In accordance with the "Dickey Amendment," passed each year since 1995, research involving the destruction of human embryos cannot be funded with taxpayer dollars. This is not Bush's policy; it is the law of the land, passed annually by Congress and signed by both Presidents Clinton and Bush. This law does not ban embryo research, and it does not fund embryo research. It is a policy of public silence.

In 2000, the Clinton administration discovered a loophole that would allow the NIH to provide some federal funding for embryonic-stem-cell research without asking Congress to overturn the Dickey amendment. By law, the government could not fund research "in which" embryos were destroyed. But if the destruction itself were funded privately, the government could offer funds for subsequent research on embryonic-stem-cell lines derived from the destroyed embryos. In other words: A researcher could destroy endless numbers of embryos in his private lab, and then use the fruits of such destruction to get public funding. This would not violate the letter of the law, but surely the spirit.
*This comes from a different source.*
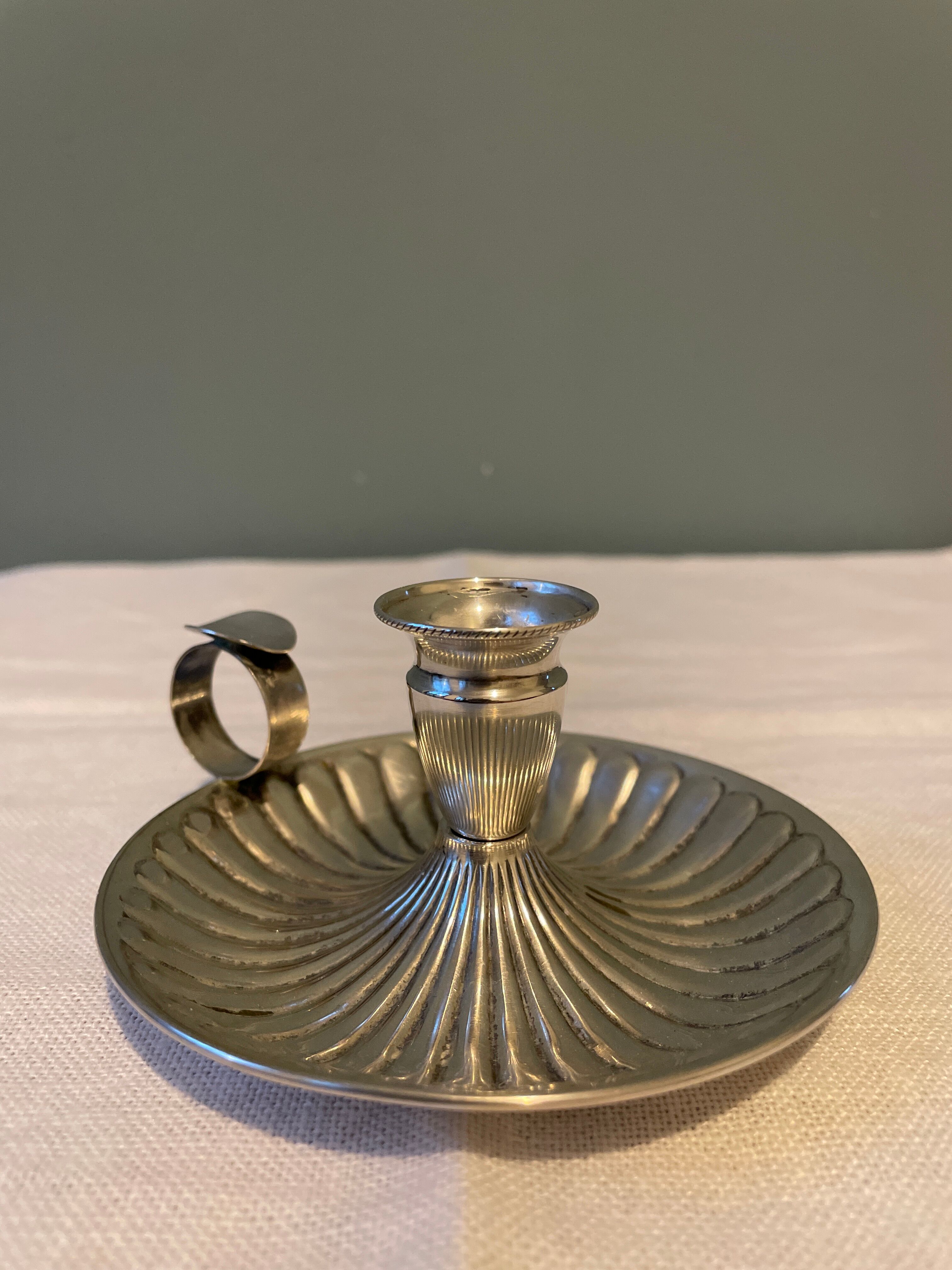 Solid silver hand candle holder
When he took office in 2001, President Bush put implementation of the Clinton guidelines on hold. He wanted a way to support potentially promising research, but he also did not believe the federal government should create an ongoing incentive for the destruction of human embryos. On August 9, 2001, President Bush announced his new guidelines: federal funding for research using stem-cell lines that existed before the announcement, but not for those created after. In this way, federal money would not act as an incentive for destroying human embryos in the future, but stem cells derived from embryos already destroyed in the past could be used with federal money to explore the basic science.

This was the fundamental bargain of the policy: no limits on embryonic-stem-cell research in the private sector (unlike much of the world, which regulates this practice), but no public subsidies to encourage a limitless industry of embryo destruction.